- Opening Delimiter -
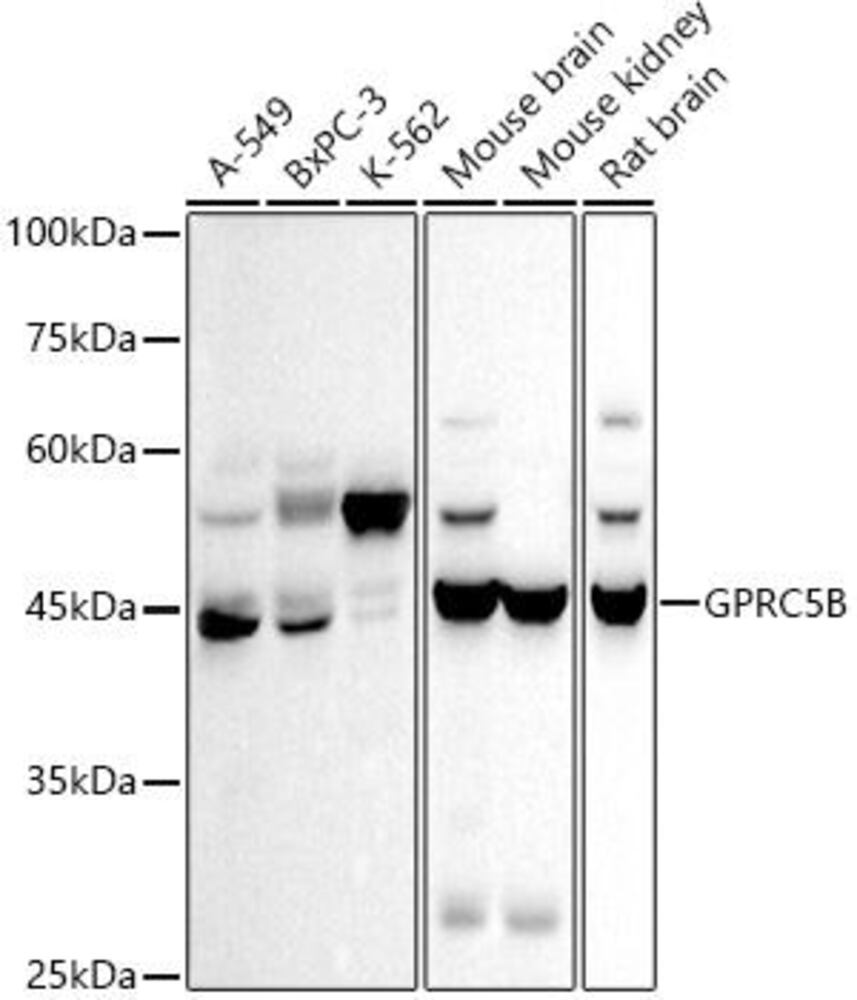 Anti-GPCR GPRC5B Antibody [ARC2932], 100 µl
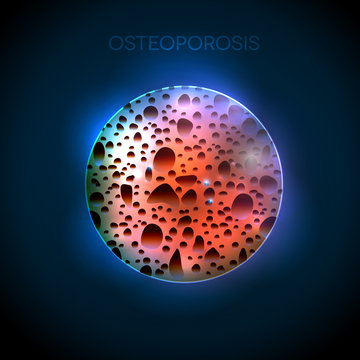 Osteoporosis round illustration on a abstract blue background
- Closing Delimiter -
- Opening Delimiter -
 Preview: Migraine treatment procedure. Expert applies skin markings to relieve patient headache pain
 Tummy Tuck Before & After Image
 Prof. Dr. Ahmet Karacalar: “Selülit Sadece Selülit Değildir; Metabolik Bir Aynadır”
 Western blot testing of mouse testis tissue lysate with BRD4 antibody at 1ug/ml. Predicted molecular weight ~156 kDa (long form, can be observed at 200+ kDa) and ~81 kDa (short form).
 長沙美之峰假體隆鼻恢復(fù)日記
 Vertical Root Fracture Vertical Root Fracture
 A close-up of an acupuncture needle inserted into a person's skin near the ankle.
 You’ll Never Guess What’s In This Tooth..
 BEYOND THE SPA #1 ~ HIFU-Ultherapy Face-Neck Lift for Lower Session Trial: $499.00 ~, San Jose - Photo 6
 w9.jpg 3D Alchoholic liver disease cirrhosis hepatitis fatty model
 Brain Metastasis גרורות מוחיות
- Closing Delimiter -
- Opening Delimiter -
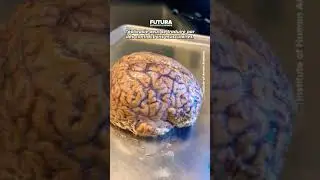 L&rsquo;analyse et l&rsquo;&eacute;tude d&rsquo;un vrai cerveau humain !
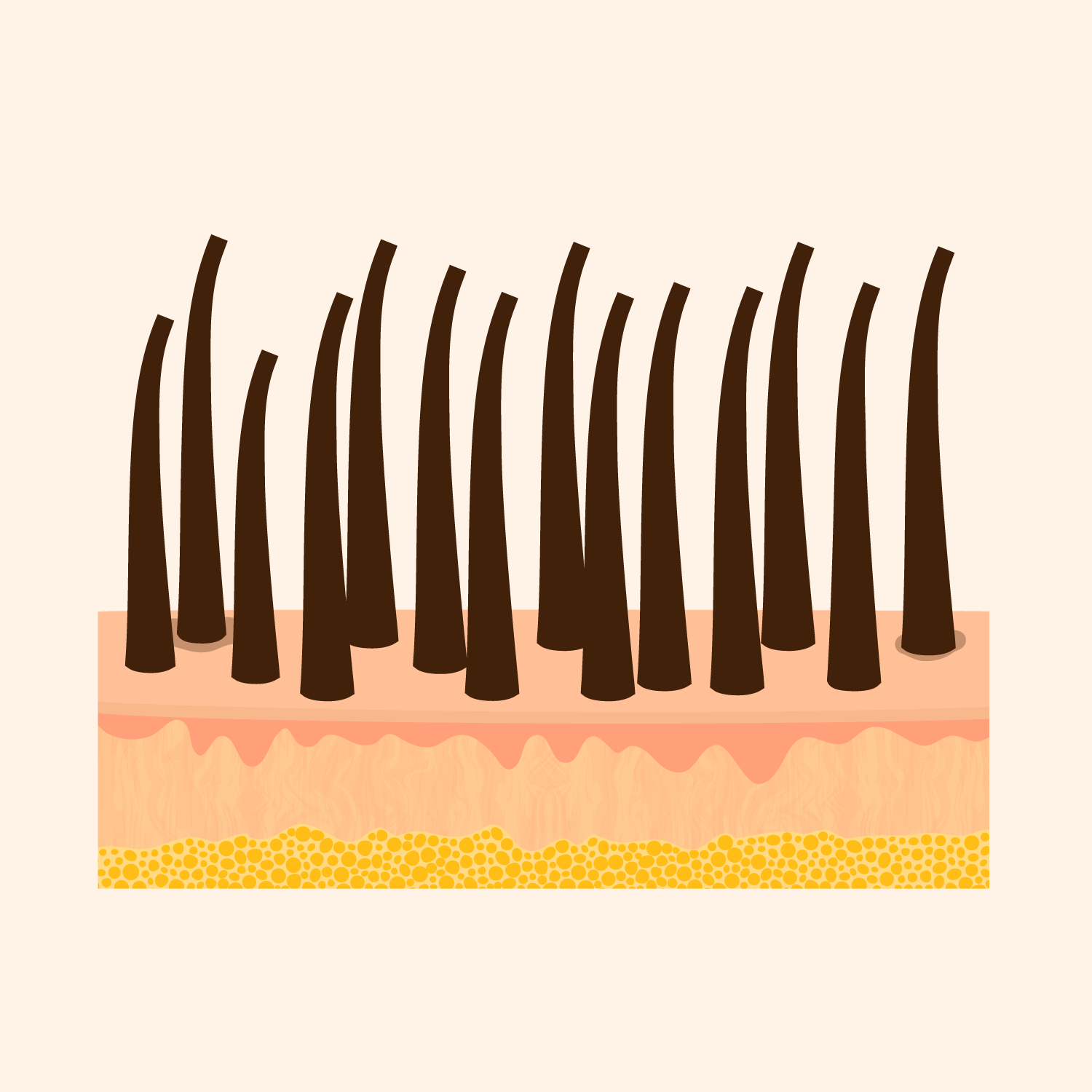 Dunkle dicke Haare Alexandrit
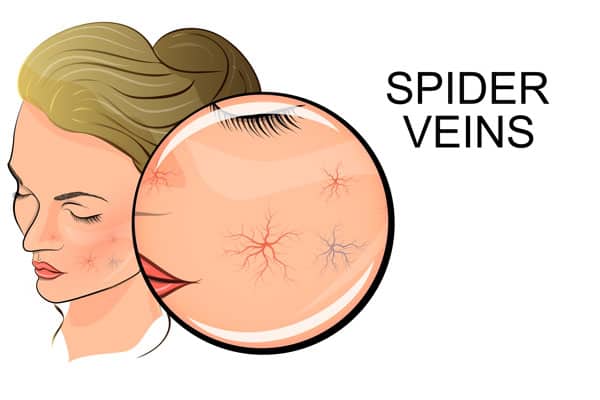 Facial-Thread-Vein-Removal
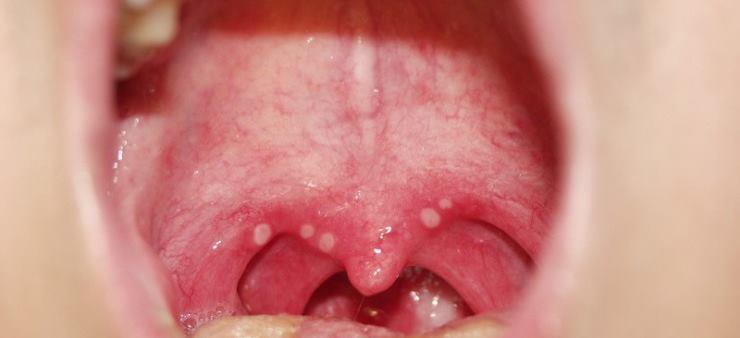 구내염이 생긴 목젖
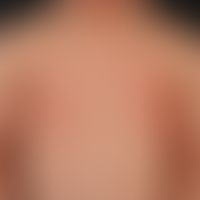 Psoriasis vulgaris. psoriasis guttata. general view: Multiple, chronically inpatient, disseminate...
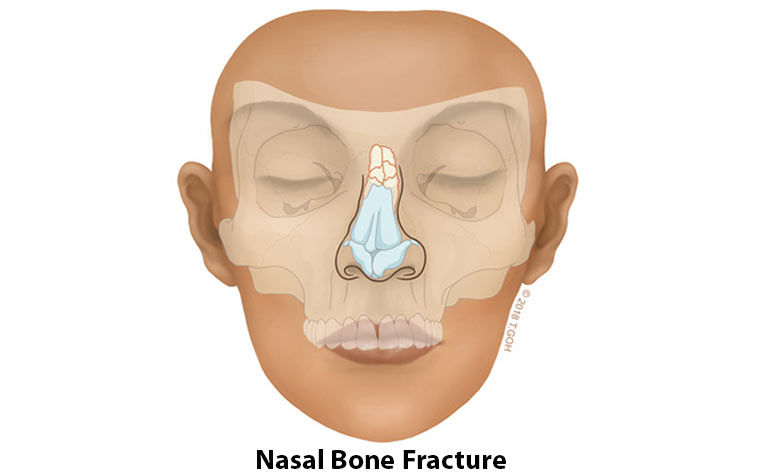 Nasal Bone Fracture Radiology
- Closing Delimiter -
_Task instructions:_ Please report how many lines of the material above contain the string "skin", with no other words.

_Solution for this problem:_ 2